Iran is to give a military grant to the Lebanese Army, the head of Iran's national security council said on Tuesday, boosting security forces that are already backed by Saudi Arabia and the United States.
The Lebanase Army has been stepping up efforts to prevent Sunni Muslim fighters from Syria entering Lebanese border towns. Last month, the northern town of Arsal was the scene of the deadliest spillover of fighting in the three-year-old civil war in Syria.
The rise of hardline militants in Syria such as Islamic State presents a shared foe for Shi'ite Iran and its enemies, Sunni Saudi Arabia and the United States.
"The Islamic Republic decided to give a military grant to the Lebanese Army," Supreme National Security Council Director Ali Shamkhani told reporters in Beirut.

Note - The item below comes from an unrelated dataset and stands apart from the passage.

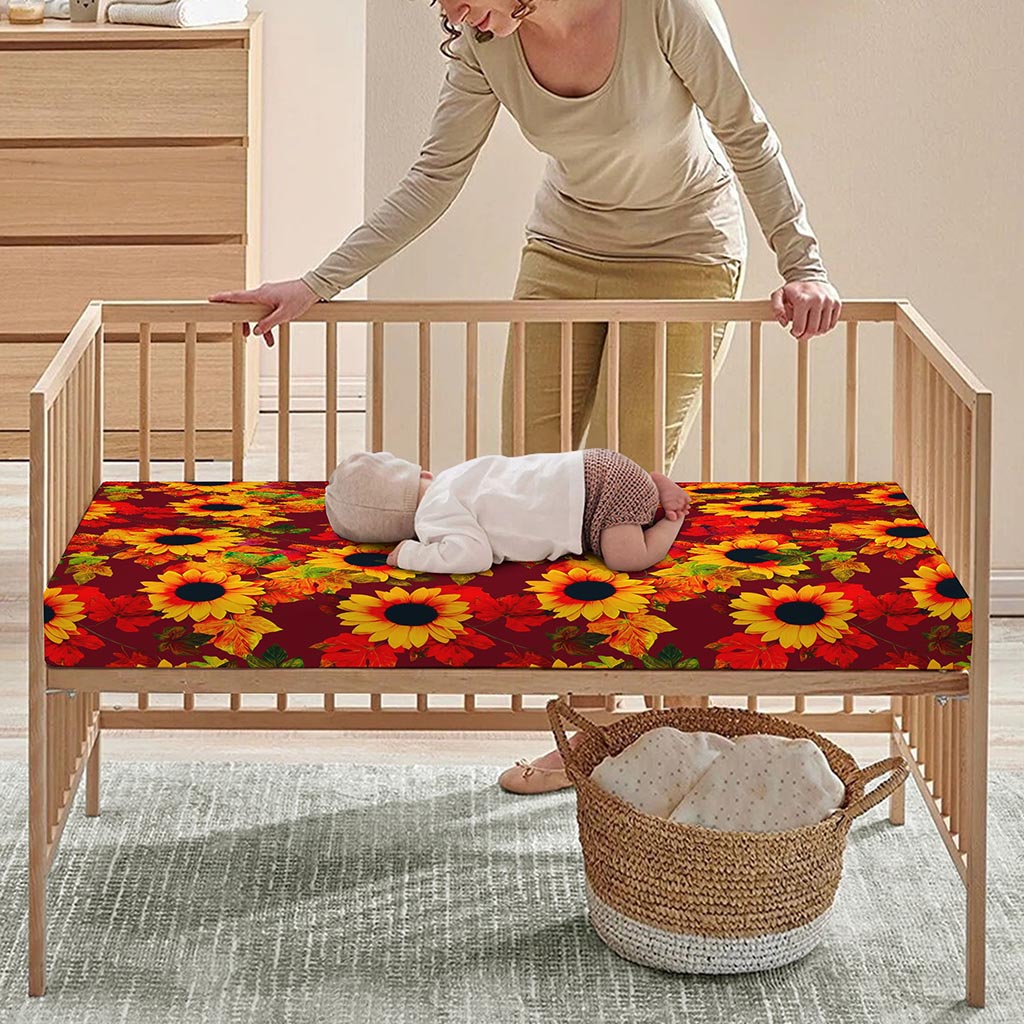 Red Autumn Sunflower Pattern Print Baby Crib Sheet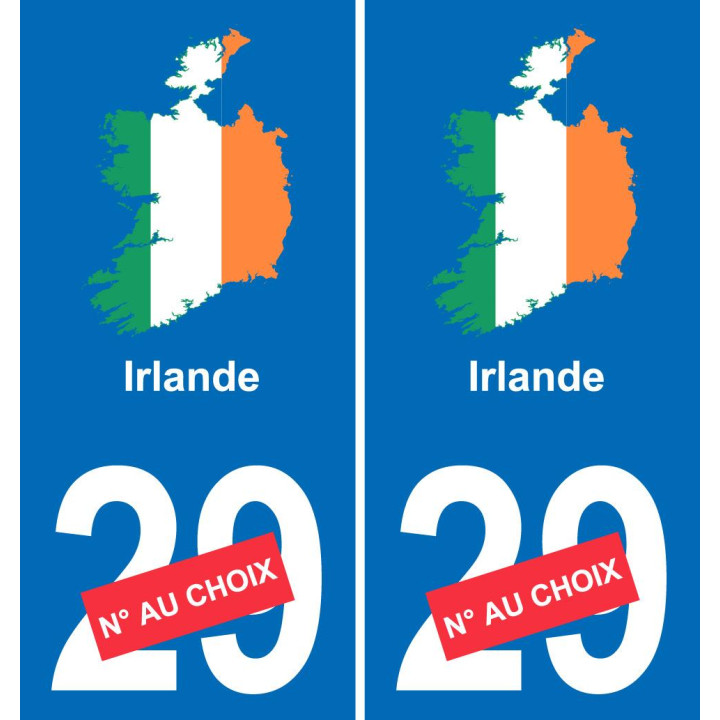 Irlande carte drapeau autocollant sticker plaque immatriculation auto voiture département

He did not say what the grant would include. A diplomatic source said the Iranian defense minister would soon ask his Lebanese counterpart for a list of weapons needed by the army.
Shamkhani is meeting Lebanese officials, including the Prime Minister Tamman Salam and Speaker Nabih Berri.
Sunni Muslim militants in Syria and their allies in Lebanon accuse the Lebanese army of working with Hezbollah, the Iranian-funded Shi'ite movement that has sent fighters to help Syrian President Bashar al-Assad's forces.